Jesús va a nacer. No se trata sólo del recuerdo de lo que sucedió hace algo más de dos mil años. Jesús quiere seguir naciendo, haciéndose “Dios con nosotros”, cercano de muchos que no saben nada de él. Los signos de su presencia son cotidianos y, a la vez, extraordinarios: la vida que nace, el agua que nos limpia, el pan que compartimos, la fraternidad en la que nos incluimos los que antes éramos extraños. José es para nosotros hoy un maestro de justicia, un modelo de cómo reaccionar a esa voluntad de Dios de nacer entre nosotros. Ante todo, hemos de evitar ser como Acaz, que busca excusas y pone obstáculos, no quiere ver los signos y trata de impedir la presencia. En segundo lugar, ser capaces, como José, de descubrir la extraordinaria presencia de Dios en lo ordinario y cotidiano y entender los sueños que nos hablan de confianza, acogida y aceptación. Esto significa estar abiertos a la escucha y dispuestos a la obediencia. La acogida de la que hablamos tiene varios frentes. Ante todo, la acogida de la vida, de tantas formas amenazada, rechazada e impedida en nuestros días, a veces, como en el caso de Acaz, con palabras que suenan muy bien (pretendidos “derechos”), pero que esconden el miedo patológico a la responsabilidad, al riesgo, a la generosidad. También, puesto que se trata del nacimiento de Cristo, la acogida de la Iglesia, que anuncia el misterio. José, varón justo, supo percibir la presencia de Dios en el inexplicable embarazo de su prometida, y acogió a María, que para otros estaba bajo sospecha. También hoy la Iglesia está bajo sospecha. A diferencia de María Inmaculada, la Iglesia tiene manchas, es cierto, pero no deja de ser la portadora del misterio de Cristo, la anunciadora de la presencia cercana del Dios con nosotros y la dispensadora de los múltiples medios de gracia (la Palabra, los sacramentos, las obras de caridad de millones de sus miembros).
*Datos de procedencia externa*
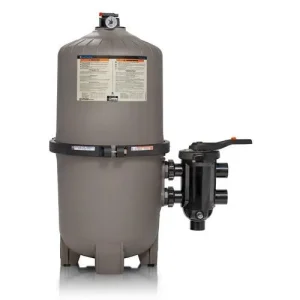 Hayward DEP Series 80 Sq. Ft. DE Filter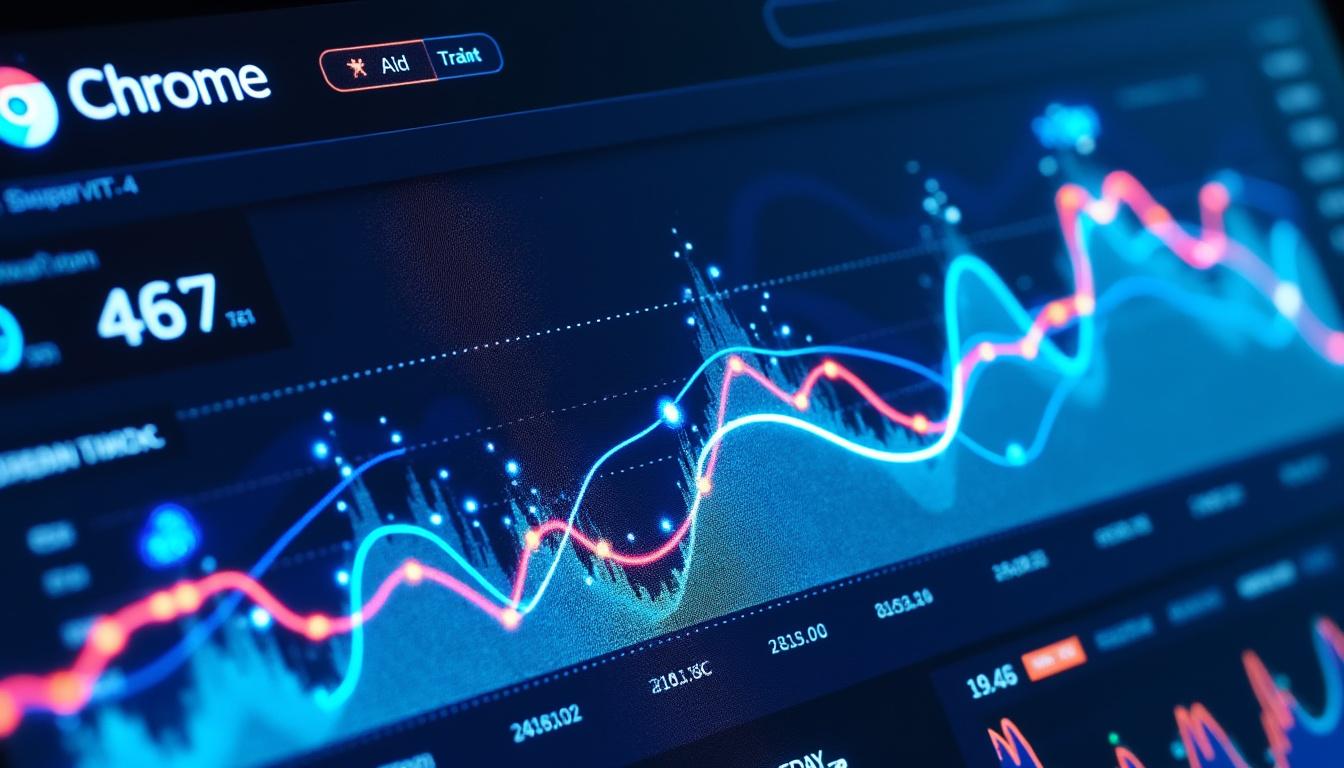 découvrez comment les agents ia pour chrome peuvent générer un trafic qualifié tout en adoptant un comportement humain naturel pour optimiser vos résultats.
Los pecados de algunos, repetidos y aireados hasta la náusea, no deben cegarnos para la santidad de la que, pese a todo, también está grávida “por obra del Espíritu Santo”. Acoger a la Iglesia en fe, como José acogió a María, significa convertirse en “cooperador necesario” del plan de Dios y, como dice Pablo, aceptar el don y la misión de hacer posible que Jesús siga naciendo, para que todos los gentiles, todos los seres humanos, respondan a la fe, para gloria de su nombre.